We now present the shared risk group model that we construct to represent a typical IP network. We divide the model into hardware-related risks and software risks. Note that this model is not exhaustive, and can be expanded to incorporate, for example, additional software protocols.

2.2.1 Hardware-related SRLGs

Fiber: At the lowest level, a single optical fiber carries multiple wavelengths using DWDM. One or more IP links are carried on a given wavelength. All wavelengths that propagate through a fiber form an SRLG with the fiber being the risk element. A single fiber cut can simultaneously induce faults on all of the IP links that ride over that fiber.

Fiber span: In practice, a set of fibers are carried together through a cable. A set of cables are laid out in a conduit. A cut (from, e.g., a backhoe) can simultaneously fail all links carried through the conduit. These set of circuits that ride through the conduit form the fiber span SRLG.

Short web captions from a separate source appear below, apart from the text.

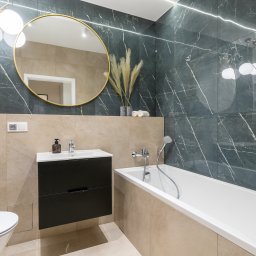 Pw Invest Home - Nowoczesna łazienka z czarnymi marmurowymi płytkami, okrągłym lustrem w złotej ramie, białą wanną i toaletą, oraz czarną szafką pod umywalką, oświetlona światłem LED.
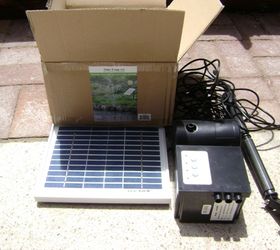 marie s tipsy solar fountain, container gardening, crafts, gardening, ponds water features, repurposing upcycling, Solar pump kit attaches to plastic tubing running through all the buckets Link in the post to find this on Amazon Sun power It works great even with a set up this tall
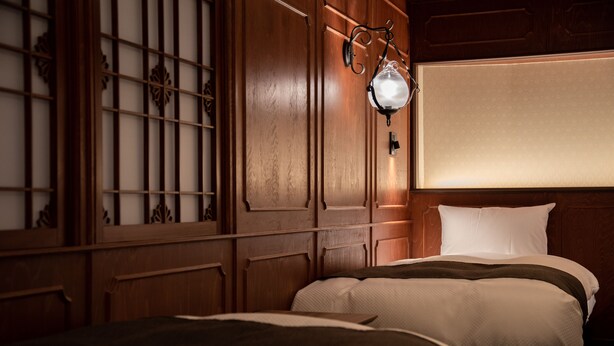 Ein Hotelzimmer mit zwei Betten, Holzwandverkleidung und einer Wandleuchte.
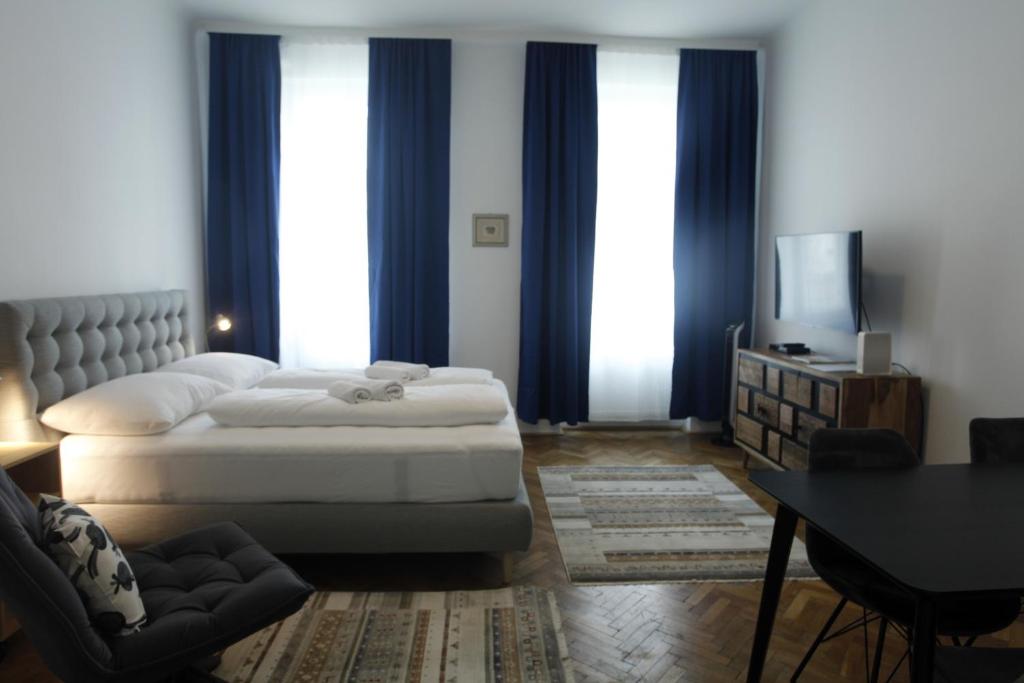 um quarto com uma cama, uma mesa e uma televisão em Casa Nostra - Schöne 3-Zimmerwohnung am Augarten em Viena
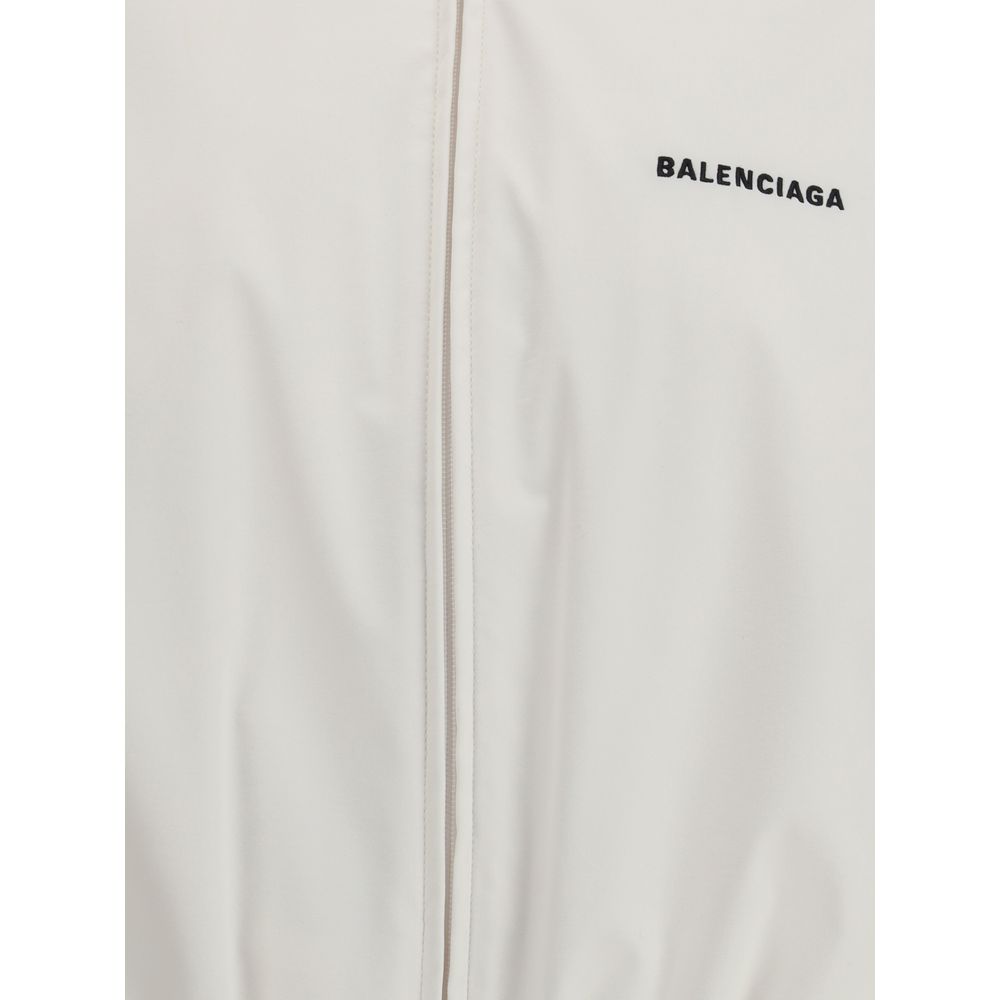 White Polyester Shell JacketBalenciaga’s Windbreaker Jacket is made of technical fabric and features contrasting logo embroidery on the chest and back. Featuring a high collar and concealed zipper closure, it offers two front zipper pockets. Gathered elas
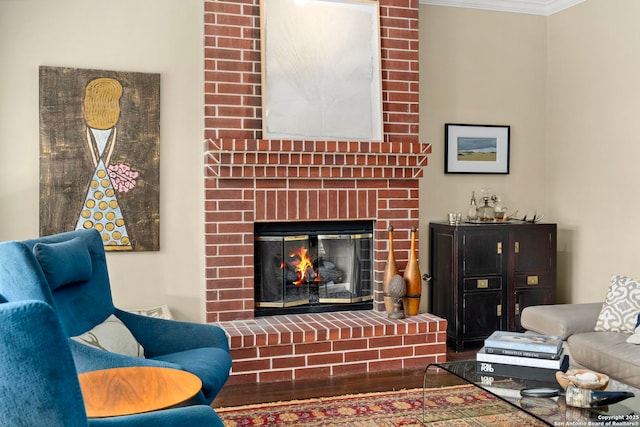 living room featuring a brick fireplace, crown molding, and wood finished floors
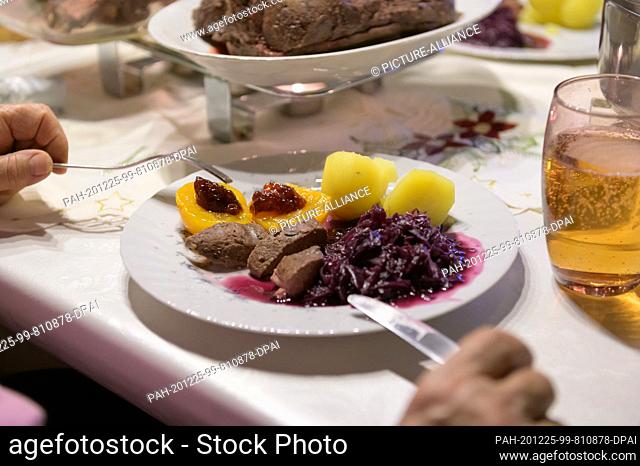 24 December 2020, Hamburg: Fallow deer loin with potatoes and red cabbage and cranberry jelly on apricots are ready to eat on a plate on Christmas Eve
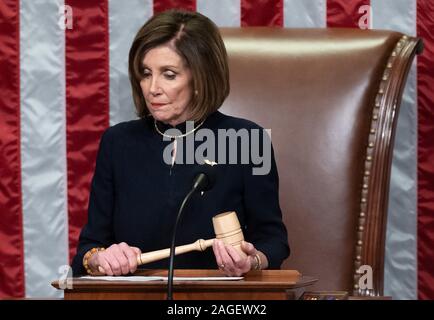 Washington, District of Columbia, USA. 18th Dec, 2019. Speaker of the United States House of Representatives Nancy Pelosi (Democrat of California) presides over Resolution 755, Articles of Impeachment Against US President Donald J. Credit: ZUMA Press, Inc./Alamy Live News Stock Photo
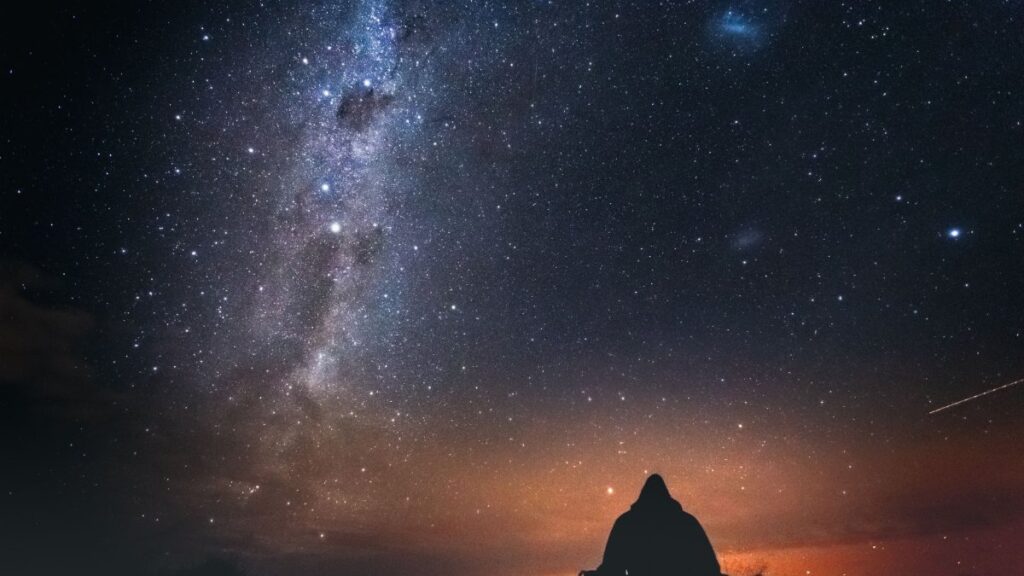 A lone figure sits under a starry sky with the Milky Way visible, capturing the beauty of a New Zealand night.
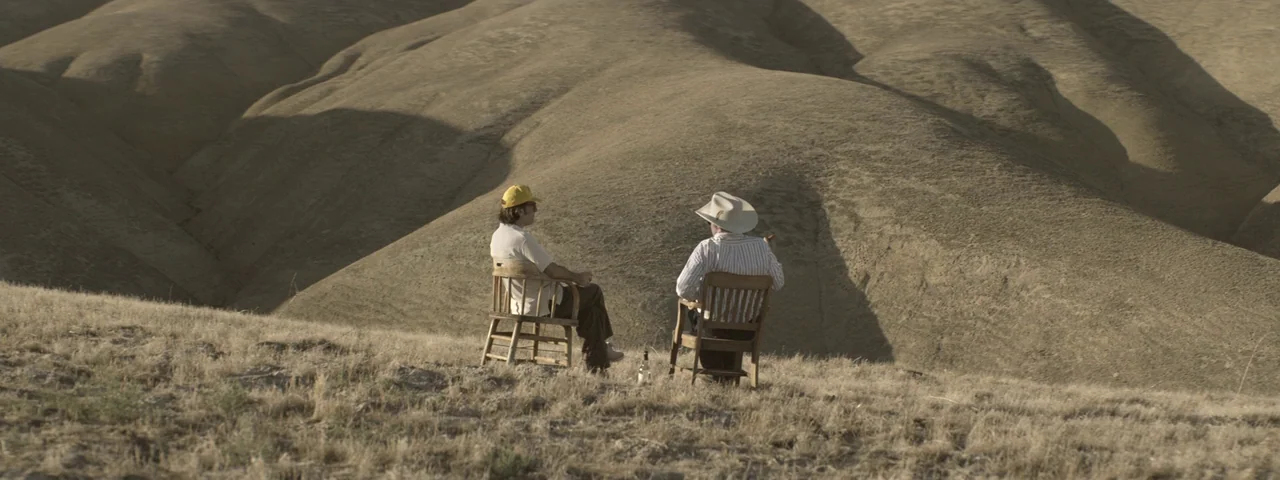 Entertainment (2015) movie still: wide — Two men sit in wooden chairs atop a parched, grassy mound under an open sky. The surrounding landscape…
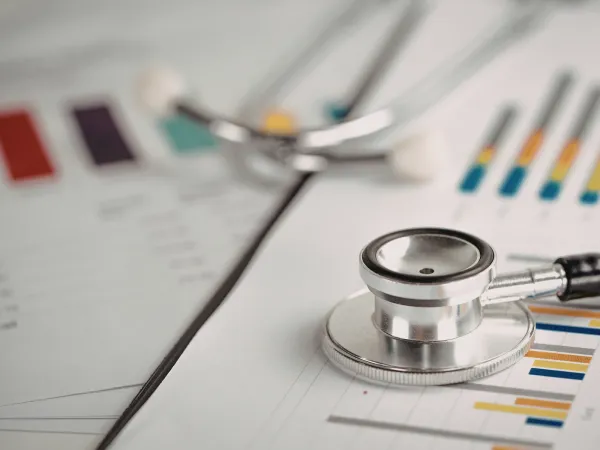 Stethoscope resting on financial charts and bar graphs illustrating the economic impact of medical negligence.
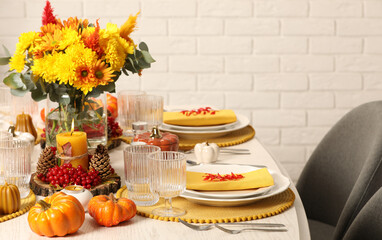 Autumn table setting with floral decor and pumpkins indoors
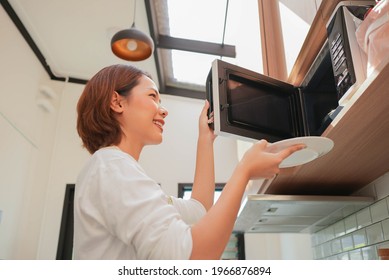 Close Up Asian Young Woman Opening Microwave Oven To Lay Dish Of Food For Defrost In The Kitchen At Home For Comfortable Lifestyle Concept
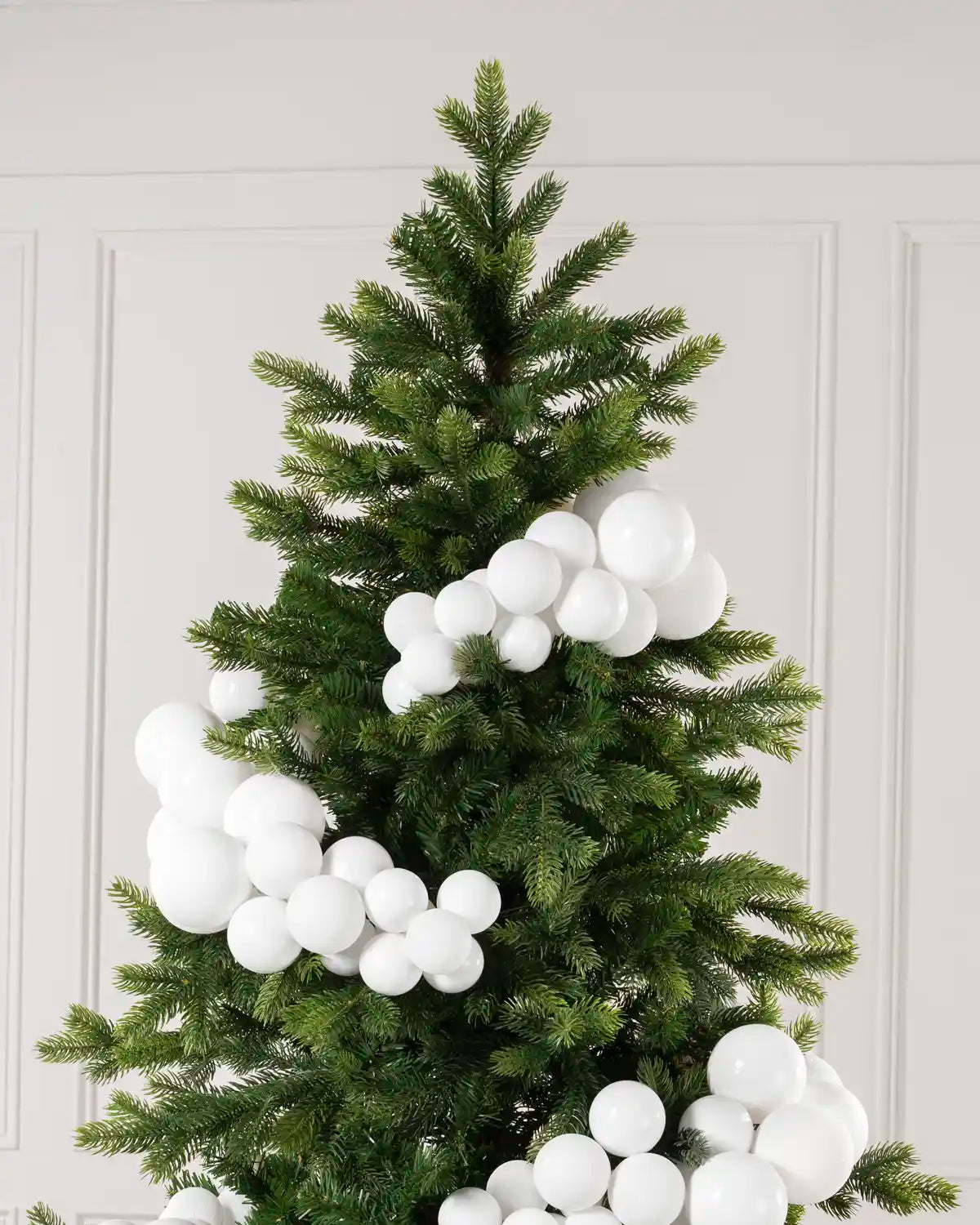 A green artificial Christmas tree decorated with clusters of white balloons, set against a white paneled wall background.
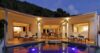 Evening view of luxury St Barts villa with illuminated pool, lounge chairs, and open-air living spaces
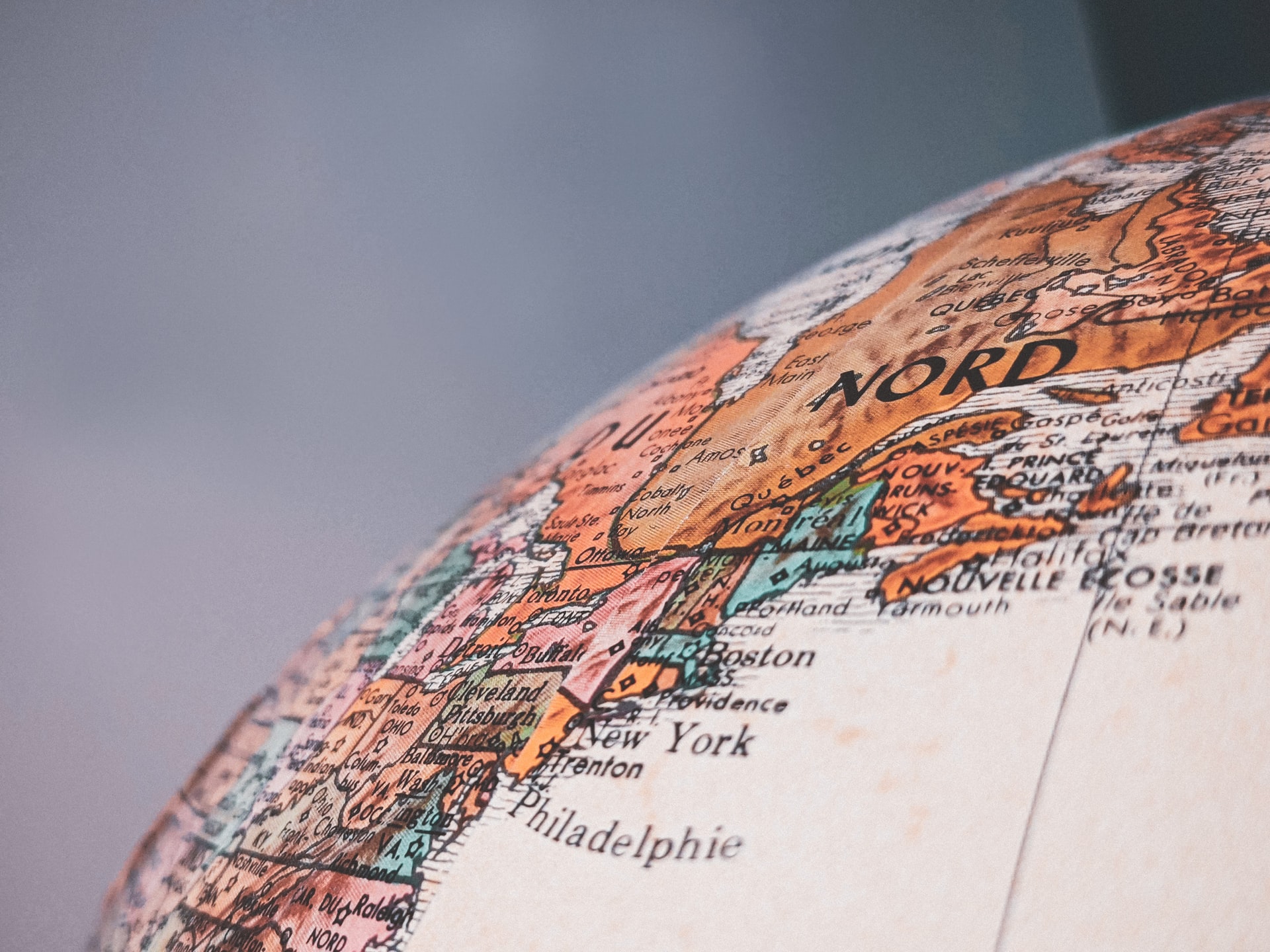 Globe, showing North America. Marked cities include New York, Boston, and Philadelphia. Orange and blue hues.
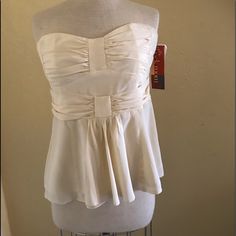 Gorgeous With Tags, Nanette Lepore Dressy Cream Strapless Blouse, With Back Strap To Keep It Sitting On Your Bust. It Says A Size 12. The Front Is Pleated At The Bust With A Built In Waist Belt And A Loose Front Panel. The Back Zoos Up. Bust 36” Waist 30” Length 19”. It Is Lined And In Mint Condition. Sexy, Classy And Pretty. It’s Silk And Polyester Chic Camisole With Corset Back For Night Out, Strapless Flirty Corset With Built-in Bra, Flirty Strapless Corset With Built-in Bra, Summer Strapless Camisole With Boned Bodice, Summer Evening Tube Top With Corset Back, Strapless Summer Camisole With Boned Bodice, Summer Evening Tube Top With Boned Bodice, Chic Strapless Tube Top With Boned Bodice, Boned Bodice Tube Top For Summer Evenings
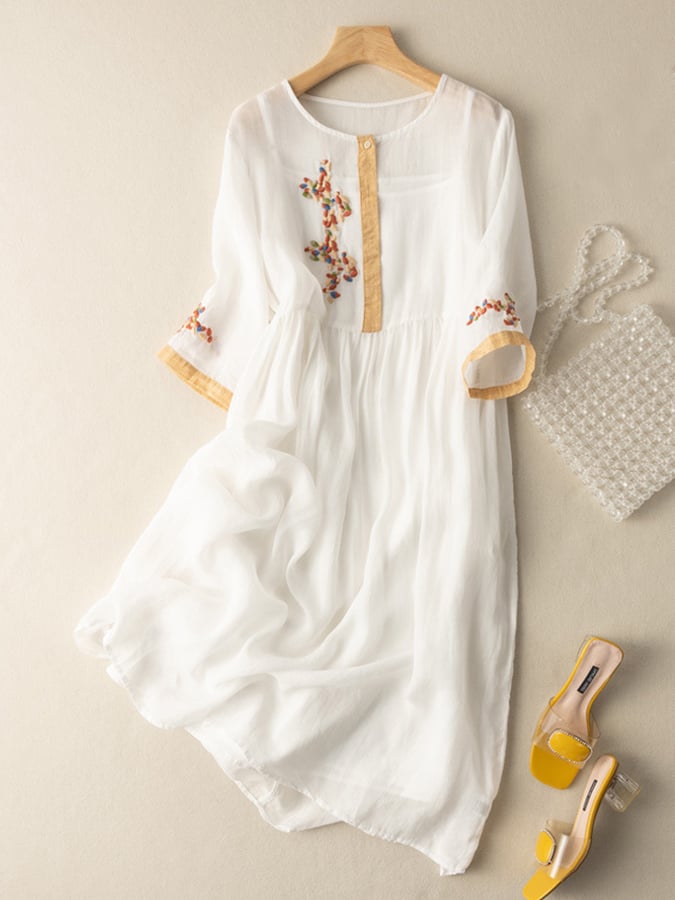 Comfortable women's loose fit boho midi dress with round neck and intricate embroidery detail.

SONET network elements: In practice SONET network elements such as optical amplifiers, add-drop multiplexors etc., are shared across multiple wavelengths (that represent the circuits). For example, an optical amplifier amplifies all the wavelengths simultaneously - hence a problem in the optical amplifier can potentially disrupt all associated wavelengths. We collectively group these elements together into the SONET network elements group.

Router modules: A router is usually composed of a set of modules, each of which can terminate one or more IP links. A module-related SRLG denotes all of the IP links terminating on the given module, as these would all be subject to failure should the module die.

Router: A router typically terminates a significant number of IP links, all of which would likely be impacted by a router failure (either software or hardware). Hence, all of the IP links terminating on a given router collectively belong to a given router SRLG.

Ports: An individual link can also fail due to the failure of a single port on the router (impacting only the one link), or through other failure modes that impact only the single link. Thus, we also include Port SRLGs in our model. Port SRLGs however are singleton sets consisting of only one circuit. However, we add them in our risk model in order to be able to explain single link failure.

2.2.2 Software-related SRLGs

Autonomous system: An autonomous system (AS) is a logical grouping of routers within the Internet or a single enterprise or provider network (typically managed by a common team and systems). These routers are typically all running a common instance of an intra-domain routing protocol and, although extremely rare, a single intra-domain routing protocol software implementation can cause an entire AS to fail.

OSPF areas: Although an OSPF area is a logical grouping of a set of links for intra-domain routing purposes, there can be instances where a faulty routing protocol implementation can cause disruptions across the entire area. Hence, the IP links in a particular area form an OSPF Area SRLG.

Not all SRLGs have corresponding failure diagnosis tools associated with them. For example, a fiber span is a physical piece of conduit that generally cannot indicate to the network operator that it has been cut. Similarly, there is no monitoring at the OSPF area level that can indicate if the whole area was affected. On the other hand, some SONET optical devices can indicate failures in real time. However, these failure indications are usually at wavelength granularity (i.e circuit or link level failures) and hence are not representative of that equipment failure. Diagnosis is therefore based on inference from correlated failures that can be attributed to a particular SRLG. In the absence of fault notifications directly from the equipment, this becomes the only approach to identify the failed component in the network.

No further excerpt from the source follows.